IT was back in 1995 that the saxophonist Tommy Smith founded the Scottish National Jazz Orchestra. It has gone on to earn an international reputation.

Its 11 albums to date include ‘Celebration’, for the prestigious ECM Records. The SNJO has reinterpreted revered works by Mozart, Gershwin, Duke Ellington and Miles Davis, has championed new compositions by Smith himself, and has revitalised neglected jazz classics by British-Canadian trumpeter Kenny Wheeler and the Glasgow-born tenor saxophonist Bobby Wellins.

Among the top-level guests who have travelled to Scotland to tour with the orchestra are Grammy-winning vocalists Dame Cleo Laine and Kurt Elling, leading trumpeter Randy Brecker, top saxophonist Joe Lovano, former Weather Report drummer Peter Erskine, and guitarists John Scofield and Mike Stern, both of whom worked with Miles Davis.
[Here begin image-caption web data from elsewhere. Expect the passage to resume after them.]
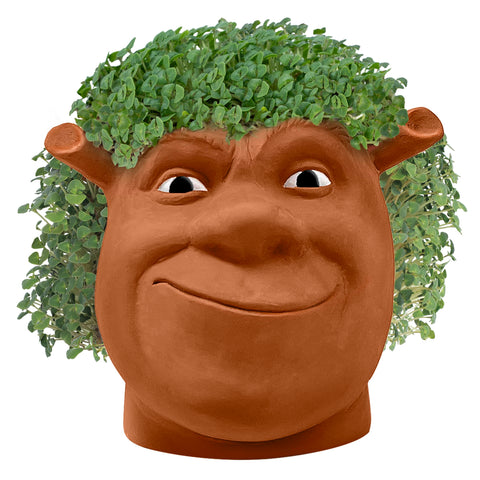 Chia Shrek growth timeline shows you what to expect in weeks.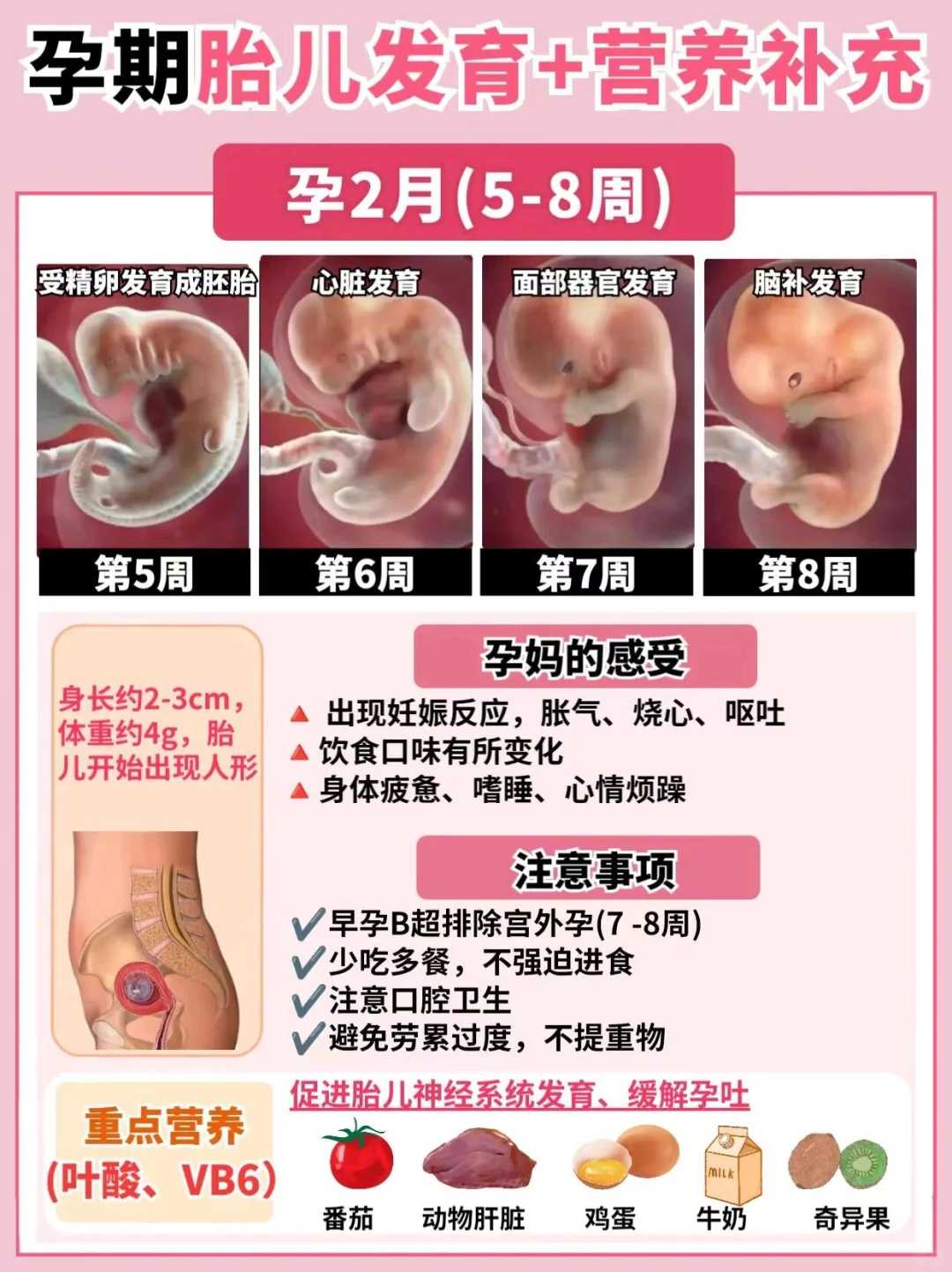 50岁以上高龄女性供卵做第三代试管成功率有多大?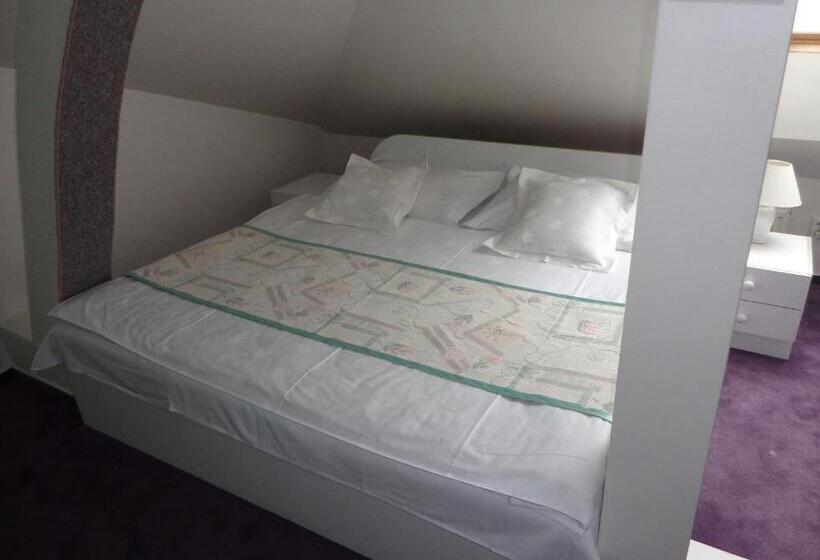 ホテル Vacek Pod Věží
The SNJO’s 25th anniversary concert, streamed worldwide from Perth Concert Hall, attracted viewers from as far afield as the U.S., Norway and Australia, and it is available online until January 4. ‘SNJO 25 Jazz: Past, Present and Future’ featured two young players of major promise – trombonists Anoushka Nanguy (21) and Liam Shortall (24) - who between them won three of the five recent Scottish Jazz Awards given specifically to musicians.

Both the concert and the previous day’s rehearsals were staged under strict COVID-19 guidelines.

“Everyone arrived at different times. Everyone wore a mask except when playing their instruments or talking about the music to camera, and a one-way system was in operation throughout the concert hall,” said Smith.

“It was the first time we’d played together since we performed Peter and the Wolf, with Norwegian narration, in Oslo – and the first time many of the orchestra had played with other musicians in eight months. So the high standard of performance was quite an achievement and was reflected in the comments made by the audience online, which included arrangers and musicians we've worked with.”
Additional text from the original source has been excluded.